Instructions to follow: Skip every picture, and copy exactly the lines from the one containing "Lane Bryant Dress" to the end of the data.

Given material:
※ ※ ※

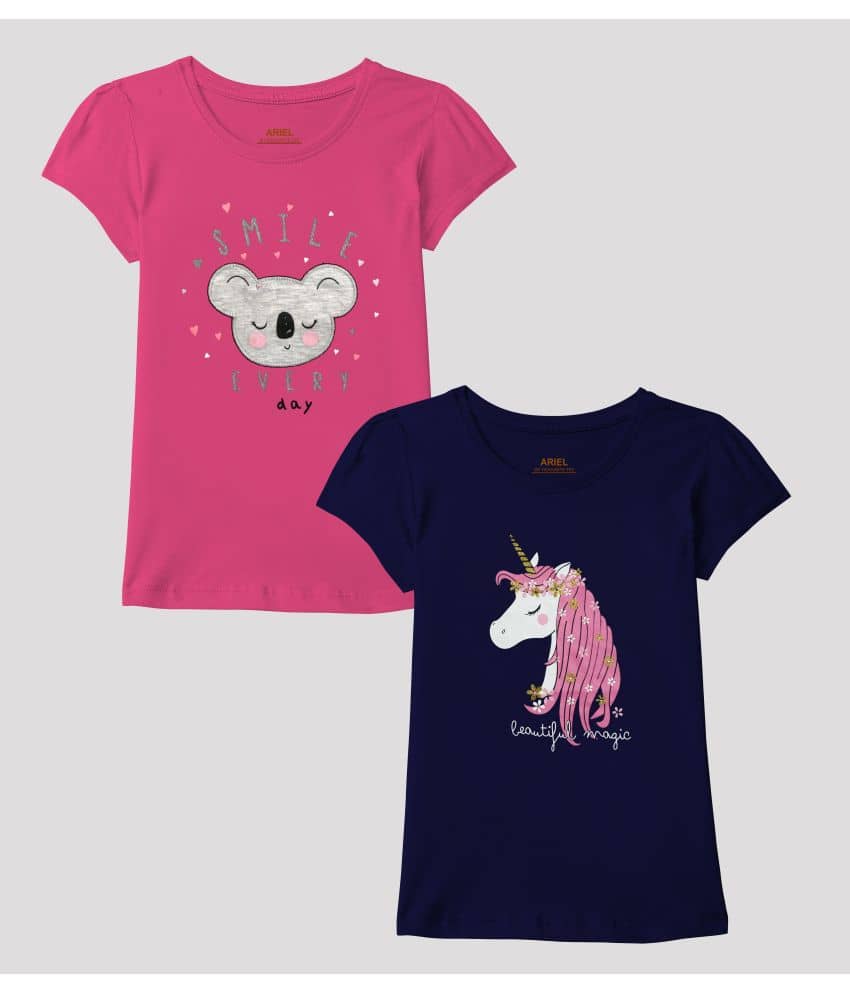 Ariel Pack of 2 Girls Cotton T-Shirt ( Multicolor )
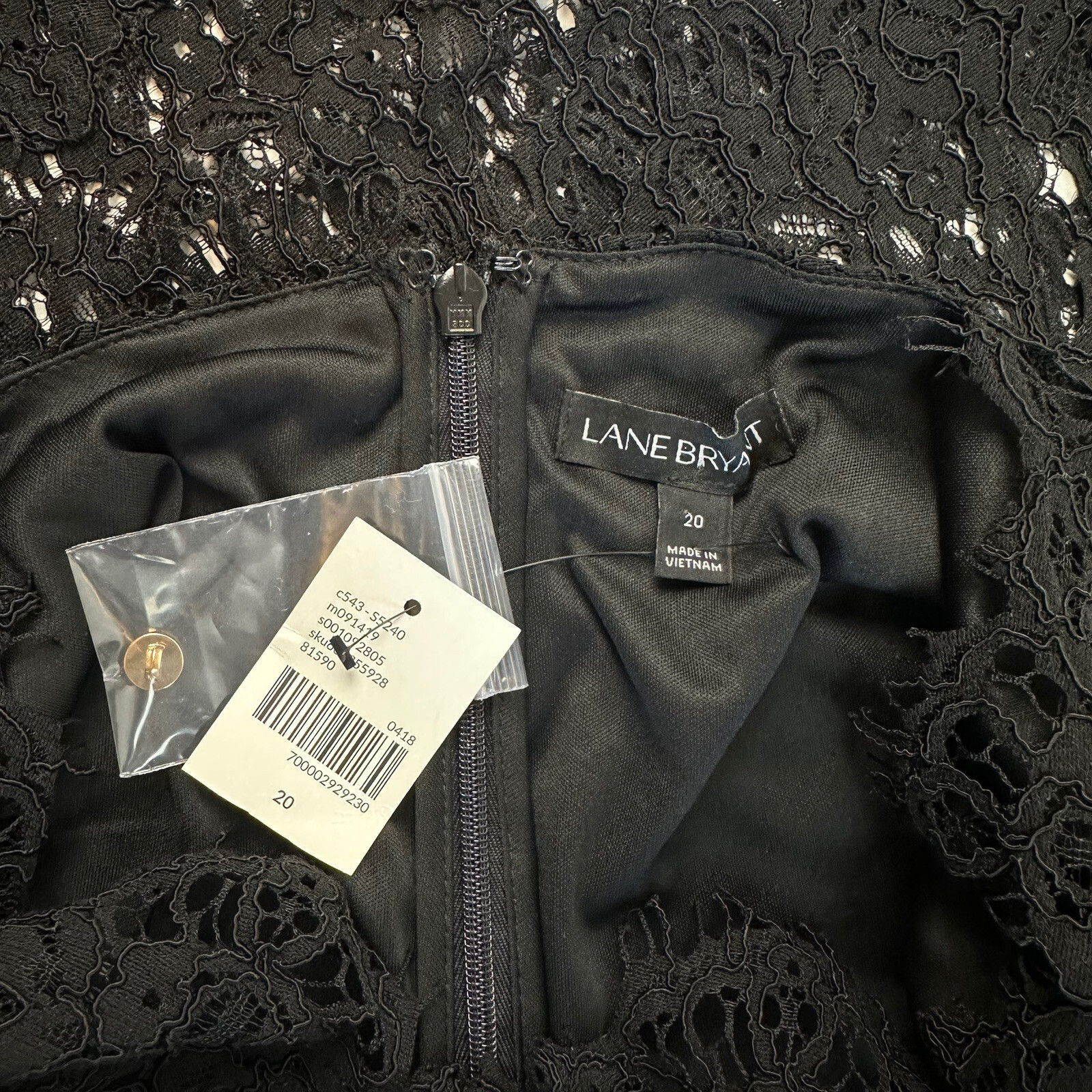 Lane Bryant Dress Black Solid Lace Size 20 Modest Classic Romantic Goth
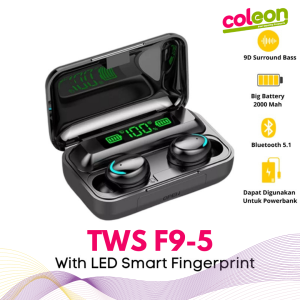 F9-5 TWS Bluetooth Earphone dengan Mikrofon Nirkabel Stereo Peredam Bising Olahraga Tahan Air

※ ※ ※

Reply to the exercise:
 Lane Bryant Dress Black Solid Lace Size 20 Modest Classic Romantic Goth
 F9-5 TWS Bluetooth Earphone dengan Mikrofon Nirkabel Stereo Peredam Bising Olahraga Tahan Air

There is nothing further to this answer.